Runs Created, Base Runs, Estimated Runs Produced, wOBA,
EqA TAv… all of these are sabermetric stats are meant to estimate an individual’s, team’s, or league’s expected runs. They variously fall into different categories of run estimators. They can be used for many different purposes, but the main one most of us are immediately concerned with is how they measure the relative performances of individual hitters. Thus, we want the one that is the most “accurate.”
So much has been written about which is the “best” over the years that there is no point in trying to do it again. Instead, I want to offer some observations and reflections on the practical side of things: how much of a difference does using one particular sort of run estimator over another really make?
If there is anything I’ve learned from dabbling in sabermetrics over the last few years it is this: while we have learned a lot about baseball through objective research, that amount is dwarfed by what we still do not know. That “what we do not know” region is the “fog” that Bill James defined as the task of sabermetrics (and what gives this column its oh-so-clever title).
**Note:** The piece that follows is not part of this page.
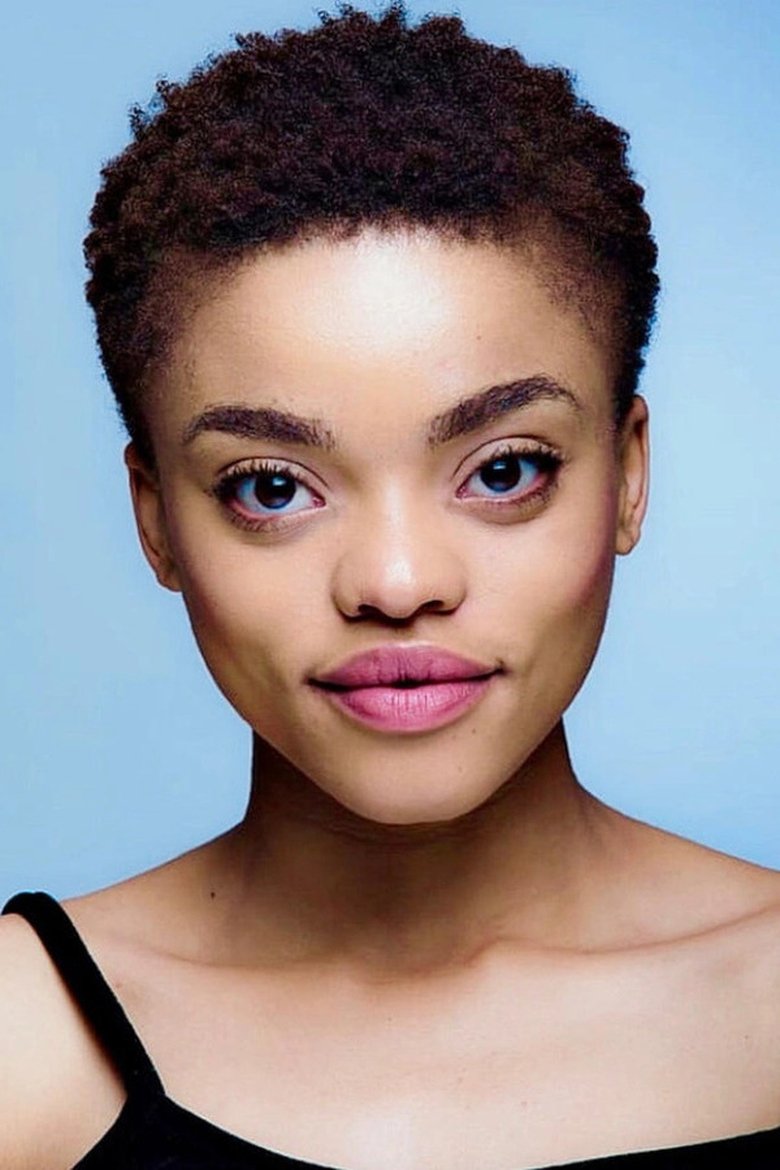 Makgotso M Portrait of Makgotso M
However, if there is one thing that sabermetrics has done pretty well at, it is run estimation. As I wrote above, I will not get into everything about run estimators here, check out the links I have provided in different places in the post. When you see “Runs Created” or “Batting Runs” on a player page at a particular site, what does it mean?
It usually means the number of runs we would expect the events that player is responsible for given the same number of plate appearances (or outs — another issue too large and complex to get into here) on an average team. This use of run estimators as applied to individuals thus attempts to put players on a level playing field. Yes, each walk by a player on the 2012 Cardinals is worth more than one by a player on the 2012 Pirates, but if we are comparing the performances of all the hitters in the league, would taking that into account really be fair to Andrew McCutchen? I would guess that for most of our discussions, the answer would be “no.”
The truth is that there are not giant differences, generally speaking, between run estimators in each season. Yes, some are more accurate than others. On an individual level (which is different than an team or league level, but that is a topic for another time), the best tests have generally shown that linear weights-based estimators (of which wOBA/wRAA, TAv/Tr, and Batting Runs are all varieties) are superior to stuff like OPS and James’ Runs Created. But how does that work itself out in a practical way? I’ve had people say that a preference for linear weights lased estimators is simply an idiosyncratic preference, so (if only for the sake of nostalgia) let’s take a brief, closer look using very basic versions of run estimators.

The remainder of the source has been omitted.